Earlier this week, I thawed a frozen duck I found at the supermarket. Here in rural Arkansas, these sometimes show up near Thanksgiving, and I took advantage of that fact. When it thawed, I filleted the breasts from the bird and detached the leg quarters. On a domestic United States duck, that left little worth eating on the bird carcass.
I seared the breasts for a week night dinner.
The carcass went into a stock pot that I simmered for about 12 hours over the space of two days. The legs and thighs were headed for fat to confit them when I read a persuasive blog post on cassoulet.
Thank you www.seriouseats.com.
I decided to experiment and try the way written on the post instead of the way I was taught at Le Cordon Bleu, London.
In keeping with the French farmer origins, I collected what I had or could get. That meant no artisinal garlic charcuterie. I used kielbasa instead. Salt pork, the duck legs and thighs, and some frozen pork cutlets out of the freezer were selected for the other meats.
For the beans, I used what I had, a combination of Great Northerns and Cranberries.
This morning I prepped everything and started to build the casserole.
First I browned the meats.
I sauteed the onion in the dutch oven I used to brown the meat and added a heaping tablespoon of tomato paste to the onions. I added the beans the aromatics, the head of garlic, and a spice satchel that contained thyme, bay leaf, a few cloves, and about a teaspoon of a spice blend from Penzy's that they label bouquet garni.

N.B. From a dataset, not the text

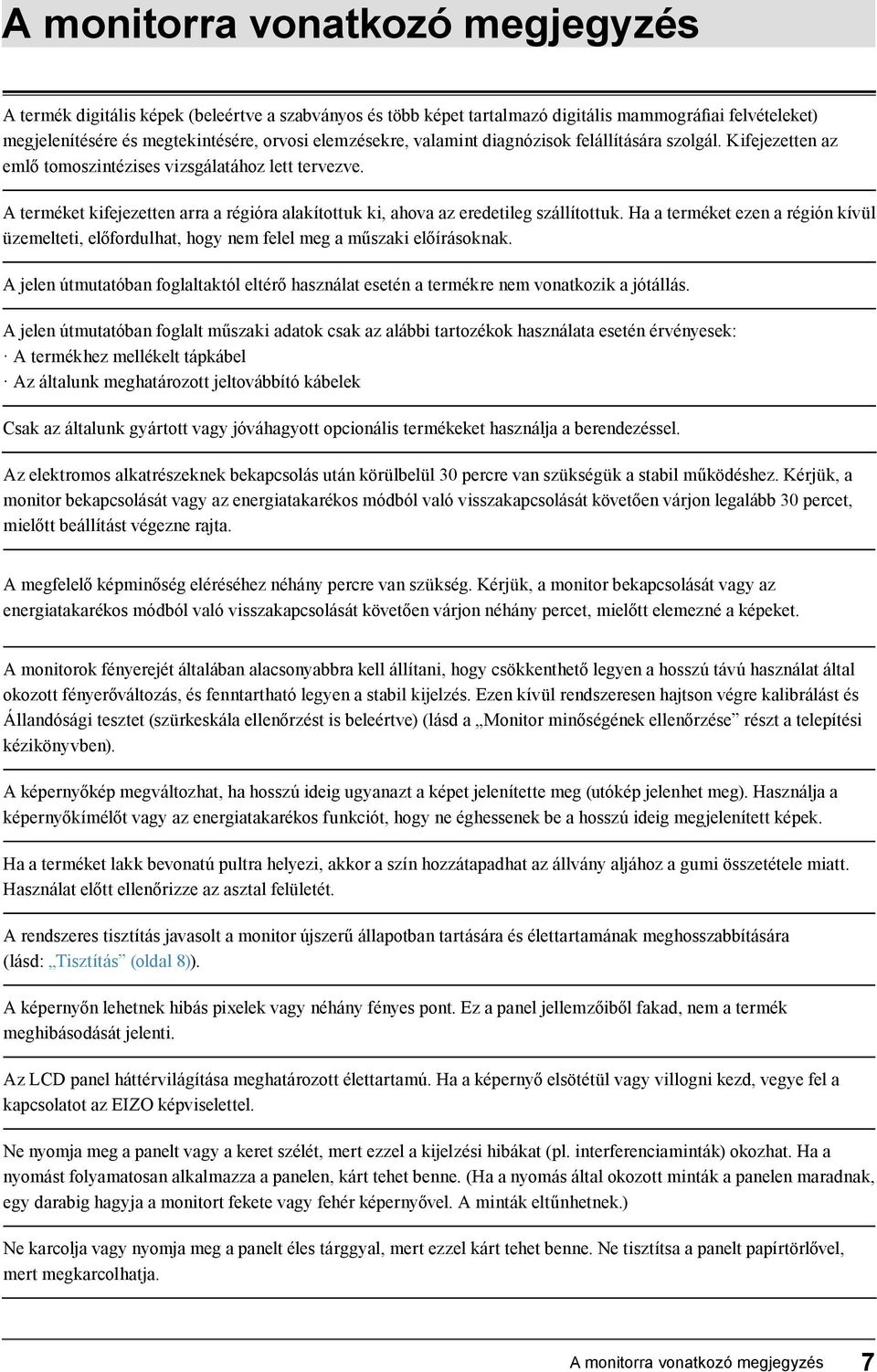 Ha a terméket ezen a régión kívül üzemelteti, előfordulhat, hogy nem felel meg a műszaki előírásoknak. A jelen útmutatóban foglaltaktól eltérő használat esetén a termékre nem vonatkozik a jótállás.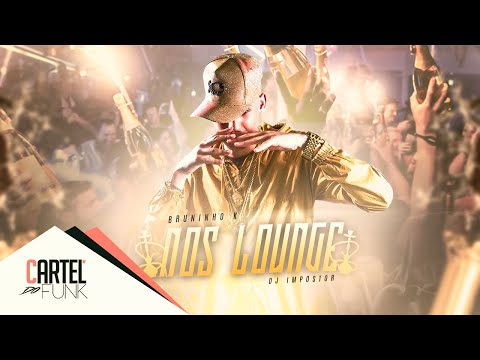 Bruninho K - Nos Lounge (Lyric Vídeo) Dj Impostor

To this I added 5 cups of duck stock I had strained and de-fatted. I brought the beans and extras to a simmer and covered it to cook for 45 minutes. I tested at that point and the beans were nearly done. I removed the carrot, celery, and spice bundle. I added the meats and enough stock to mostly cover everything and put the dutch oven in a 275 degree oven, uncovered. At 2 hours I began breaking the crust every 30 minutes and adding water as necessary.
This is the 2 and 1/2 hours in the oven picture.
After five hours in the oven, the crust had darkened and I reduced the oven temperature to below 200 to hold the casserole for dinner.